ArgoCD continuously compares Git to cluster state. Terraform does not do this by default. Implement scheduled drift detection:

# GitHub Actions workflow for Terraform drift detection
name: Terraform Drift Detection
on:
  schedule:
    - cron: '0 8 * * 1-5'  # Weekdays at 8 AM

jobs:
  drift-check:
    runs-on: ubuntu-latest
    strategy:
      matrix:
        project: [networking, compute, data]
    steps:
      - uses: actions/checkout@v4

      - uses: hashicorp/setup-terraform@v3
        with:
          terraform_version: "1.6.4"

      - name: Terraform Init
        working-directory: infrastructure/${{ matrix.project }}
        run: terraform init -backend-config=backend-prod.hcl

      - name: Terraform Plan (Drift Detection)
        working-directory: infrastructure/${{ matrix.project }}
        id: plan
        run: |
          terraform plan -detailed-exitcode -out=plan.tfplan 2>&1 | tee plan-output.txt
          echo "exitcode=$?" >> $GITHUB_OUTPUT
        continue-on-error: true

      - name: Notify on Drift
        if: steps.plan.outputs.exitcode == '2'
        run: |
          curl -X POST "${{ secrets.SLACK_WEBHOOK }}" \
            -H 'Content-Type: application/json' \
            -d "{\"text\": \"⚠️ Terraform drift detected in ${{ matrix.project }}. Review: ${{ github.server_url }}/${{ github.repository }}/actions/runs/${{ github.run_id }}\"}"
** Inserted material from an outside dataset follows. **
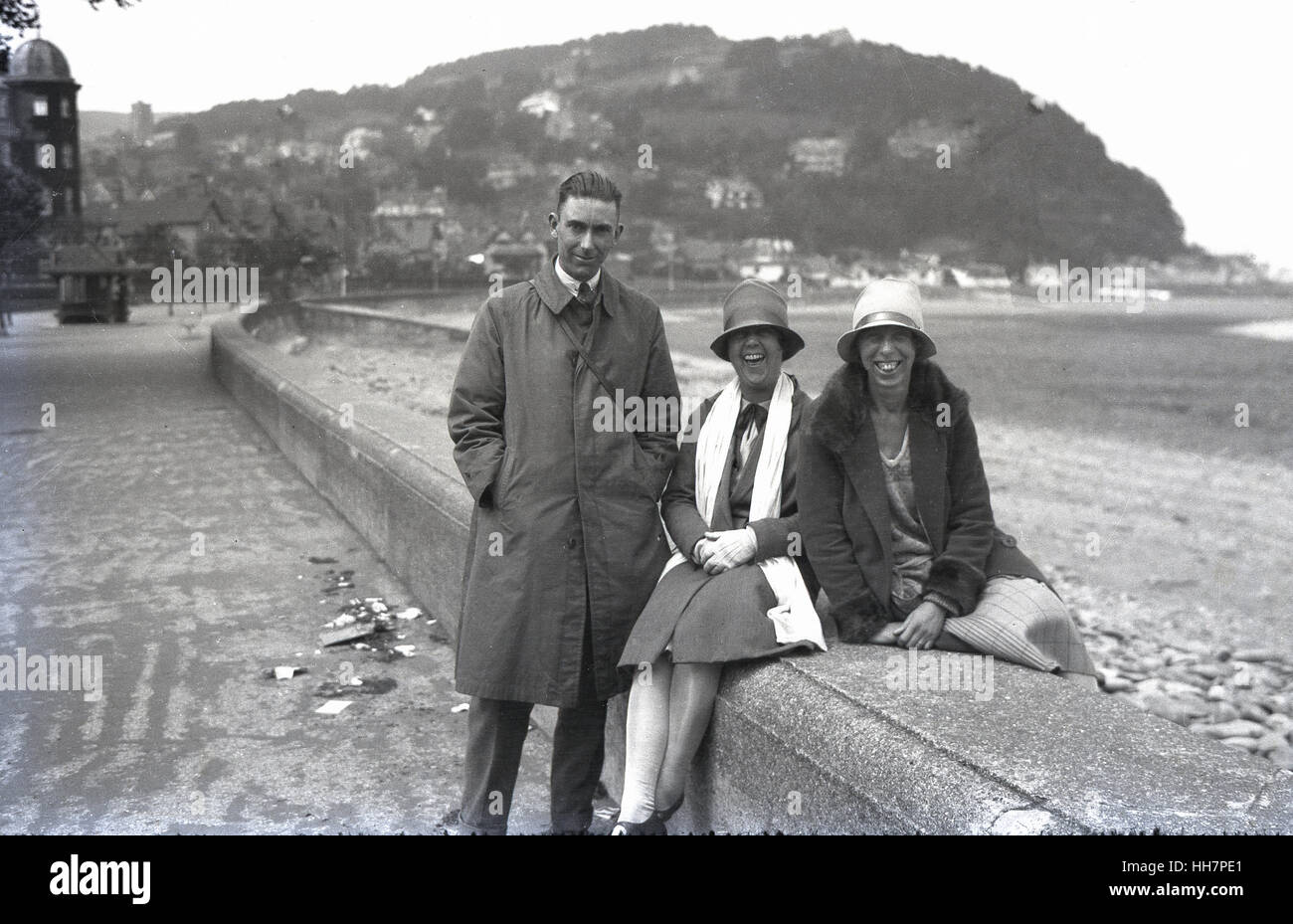 1920s, historical, a gentleman together with two smiling women sitting ...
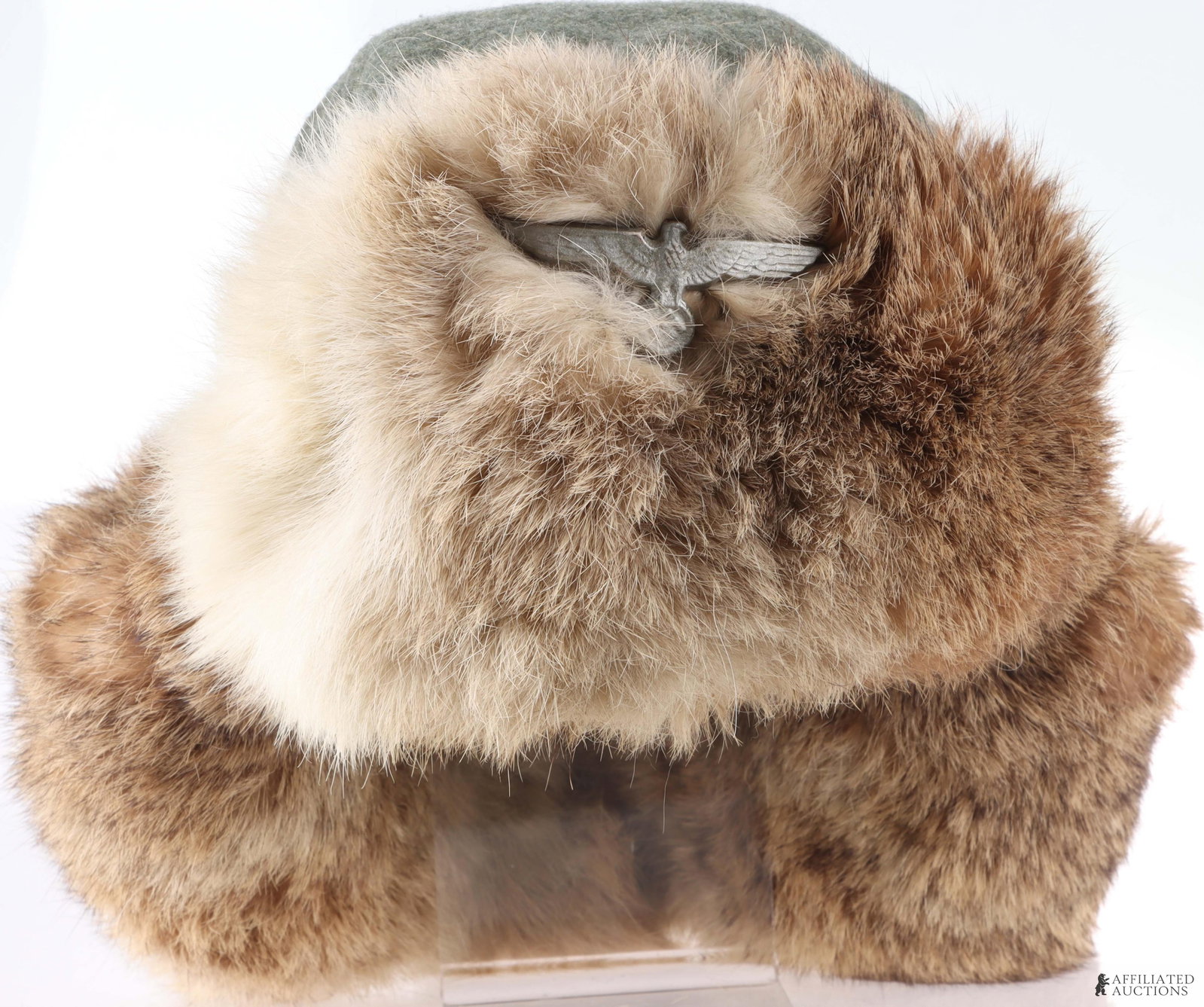 WWII German Wehrmacht Winter Fur Hat: An original WWII German army winter fur hat (pelzmutze). Introduced in 1942 for troops serving on the eastern front. The hat is constructed with a field-gray wool upper body and features natural brown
Exit code 2 from terraform plan -detailed-exitcode means changes are needed — infrastructure has drifted from the declared state.

Repository Structure

The repository structure significantly impacts workflow clarity and team autonomy.
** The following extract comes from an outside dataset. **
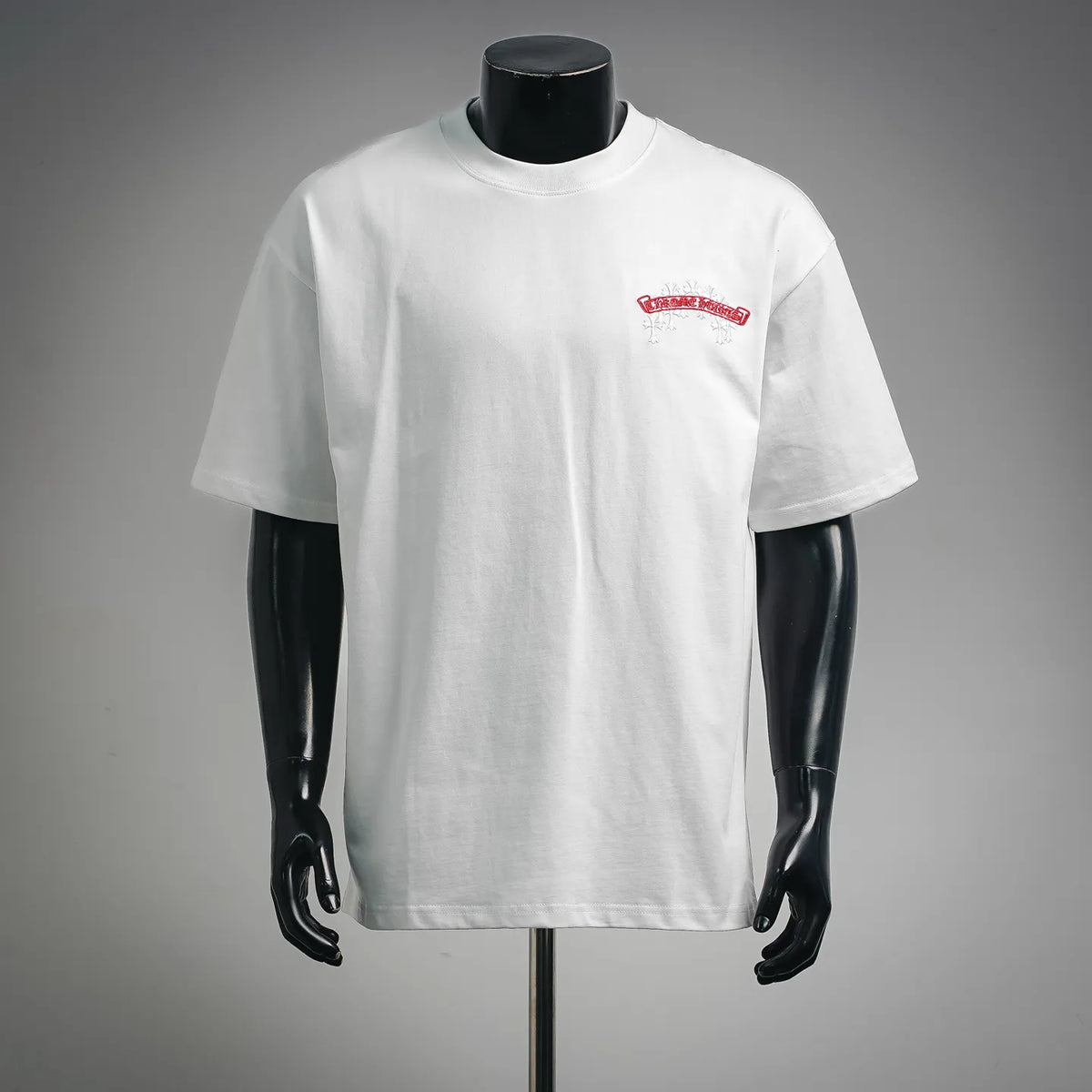White short-sleeve crewneck T-shirt with small red-and-white chest logo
Recommended: Monorepo with Clear Boundaries

platform-configs/
├── infrastructure/           # Terraform — cloud resources
│   ├── modules/             # Reusable Terraform modules
│   │   ├── vpc/
│   │   ├── ecs/
│   │   ├── rds/
│   │   └── s3/
│   ├── networking/          # VPC, subnets, route tables
│   │   ├── main.tf
│   │   ├── variables.tf
│   │   ├── outputs.tf
│   │   └── backend-prod.hcl
│   ├── compute/             # ECS clusters, EKS, EC2
│   │   ├── main.tf
│   │   └── ...
│   └── data/                # RDS, ElastiCache, S3
│       ├── main.tf
│       └── ...
├── services/                # Kubernetes manifests — app workloads
│   ├── payment-service/
│   │   ├── base/
│   │   └── overlays/
│   │       ├── development/
│   │       ├── staging/
│   │       └── production/
│   ├── user-service/
│   │   ├── base/
│   │   └── overlays/
│   └── ...
├── platform/                # Cluster-wide Kubernetes resources
│   ├── cert-manager/
│   ├── ingress-nginx/
│   ├── prometheus/
│   └── argocd/
├── atlantis.yaml
└── .github/
    └── workflows/
        └── drift-detection.yaml

Why monorepo: A change that modifies both Terraform (new RDS instance) and Kubernetes manifests (new service connecting to that RDS) can be reviewed in a single PR. Cross-cutting changes are atomic.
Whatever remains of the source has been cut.